そこで、朝にローズマリー&レモンの香りをディフューザーにて部屋に散布し、夜にラベンダー&オレンジの香りを散布した。
自律神経の日内変動に合わせて、朝は刺激により交感神経を優位に働かせ、夜は鎮静作用により副交感神経を優位に働かせるためである。
その結果、一部の認知症患者において知的機能の改善がみられた。
番組内での質疑応答
Q: 夜用アロマだけを使ってもいいのか?
A: 朝用アロマは神経細胞を活性化、夜用アロマは神経細胞を鎮静化する作用がある。朝用と夜用を併用した方が神経細胞の活性化と鎮静化ができるため効果的。
Q: 40代から使っても効果はあるか?
A: 40代から使っても効果は期待できる。認知症は65歳を過ぎると発症しやすくなるが、発症する10~20年ほど前から脳の中では変化が始まっているので、40代・50代から始めても予防効果は期待できる。
エッセンシャルオイルとアロマオイルの違い
精油(エッセンシャルオイル)という表記は100%天然の植物から抽出したものにのみ許され、ヨーロッパでは、エコサート(ECOCERT)などの第三者機関によって品質基準が管理されています。上記の認知症予防の研究に使用されたのはエッセンシャルオイル(精油)です。

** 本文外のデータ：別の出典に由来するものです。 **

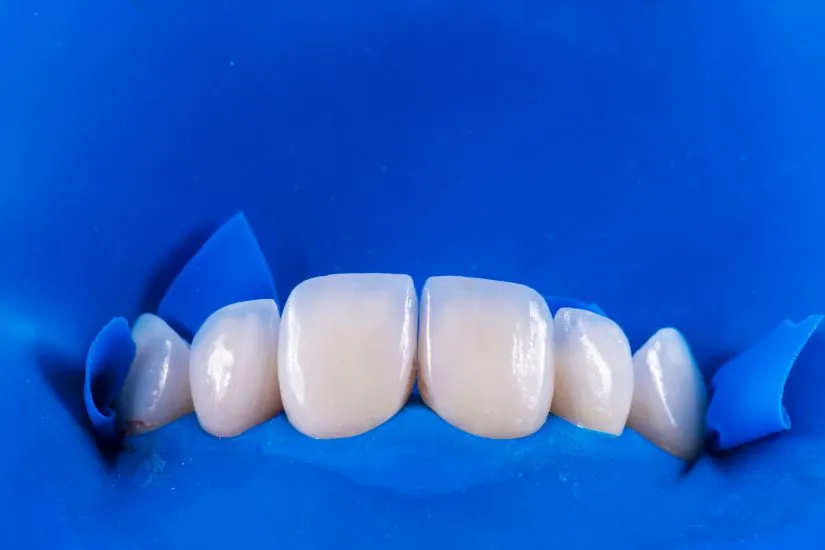 Chất liệu răng sứ Veneer ảnh hưởng tới chi phí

一方、アロマオイルには100%天然でないもの、合成の化学香料が混ざっています。100%天然でないものには精油という商品名は付けられないためアロマオイルという表記になります。香りを楽しむ場合にはアロマオイルで大丈夫です。
日本における漢方薬のように、ヨーロッパではハーブが医薬品として発達してきました。そのような医療文化的な背景もあるのでしょう、ヨーロッパ、特にフランスにおいてはエッセンシャルオイルが「医薬品」として認識されているようです。
日本においては、平成26年11月に「新・薬事法(薬機法とよばれています)」が施行されましたが、エッセンシャルオイル(精油)もアロマオイルも、基本的に「雑貨」扱いになります(一部のエッセンシャルオイル(精油)は「化粧品」扱い)。
日本のアロマセラピーには、薬事法上、さまざまな問題がついてまわります。